- Por Eduardo “Pipó” Dios
- Columnista
Estamos discutiendo en estos días la famosa “transformación educativa”. Primero, pongamos en claro algunas cosas, la primera y principal es que la educación como esta no sirve para nada.
¿Pero de qué “transformación” hablamos? Para el Gobierno y sus aliados mediáticos, organismos y agencias internacionales y una larga lista de oenegés, la mayoría de las cuales no sabemos qué hacen ni para qué sirven, pero que le cuestan una fortuna a los contribuyentes, de nuestro país y de otros países, pareciera que quieren simplemente abocarse a meter una agenda internacional llena de conceptos, ideas y valores que tienen poco o nada que ver con los valores e ideas de la gran mayoría de la población de este país, que al fin y al cabo es la que recibirá y disfrutará o sufrirá la aplicación y los resultados de esta “transformación”.
Siendo que estamos en un país donde la gran mayoría de los estudiantes no cuentan con las condiciones mínimas básicas, como aulas con techo y piso, baños decentes con agua corriente, materiales y útiles escolares, maestros bien remunerados y preparados, y, ni siquiera un desayuno o almuerzo escolar medianamente decente, discutir cuestiones abstractas es ridículo y hasta grotesco.
Además, recordemos que estamos gobernados por una gavilla de delincuentes que solo buscan dinero público para llenarse los bolsillos, porque no podemos tener ninguna garantía ni tenemos ninguna confianza en lo que provenga de este impresentable y corrupto Presidente y sus cómplices y asociados.
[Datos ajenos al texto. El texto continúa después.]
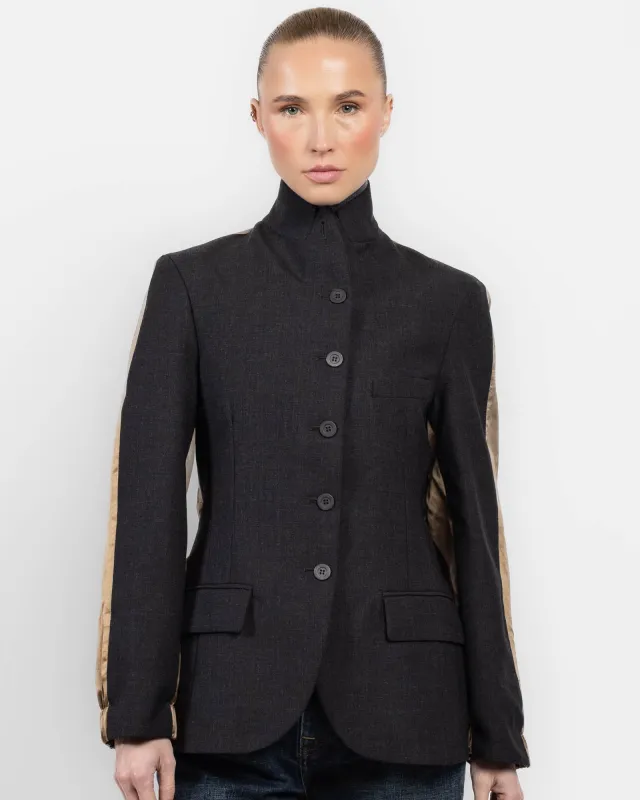 Wool Bomber Jacket sold by TNT Fashion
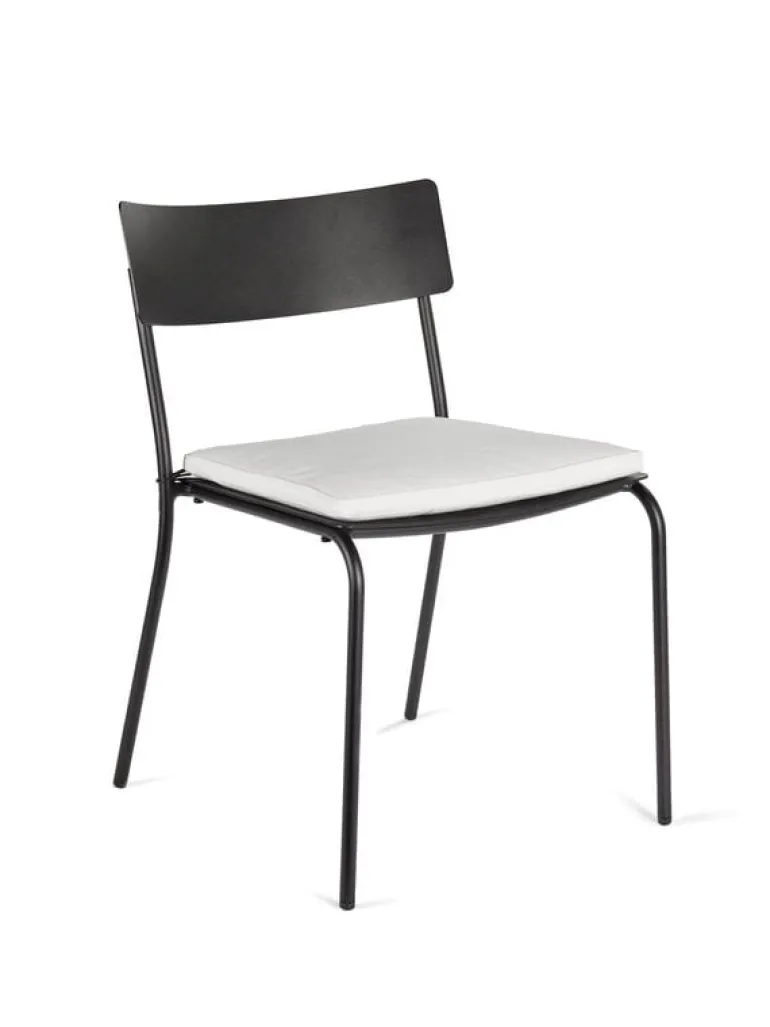 Serax August chair cushion, wide, white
También sabemos que hay una gran cantidad de dinero de la Unión Europea y de otros organismos desembolsados y a ser desembolsados, condicionados a que la “transformación” se haga de acuerdo a su visión del mundo, sus ideales, sus creencias y sus planes. Este gobierno, con tal de meterle manos a dichos fondos para embolsillárselos como todo lo que ha caído en ellas, no tiene reparos ni le importa lo que impliquen o impongan estos planes.
Lamentablemente para ellos, en este país tenemos un sistema democrático, donde la mayoría decide o debería decidir, esto sin detrimento de respetar y proteger los derechos de las minorías, pero sin imposiciones de parte de estos últimos, sino de concesiones que no rivalicen ni perjudiquen los valores, conceptos e ideales que esa mayoría quiera para el país.
Mientras las minorías, envalentonadas por los medios, oenegés, entidades y agencias internacionales y el propio Gobierno, no entiendan que las mayorías tienen la última palabra, y empiecen, primeramente ellos, a respetar lo que piensa el otro, no va a haber acuerdo.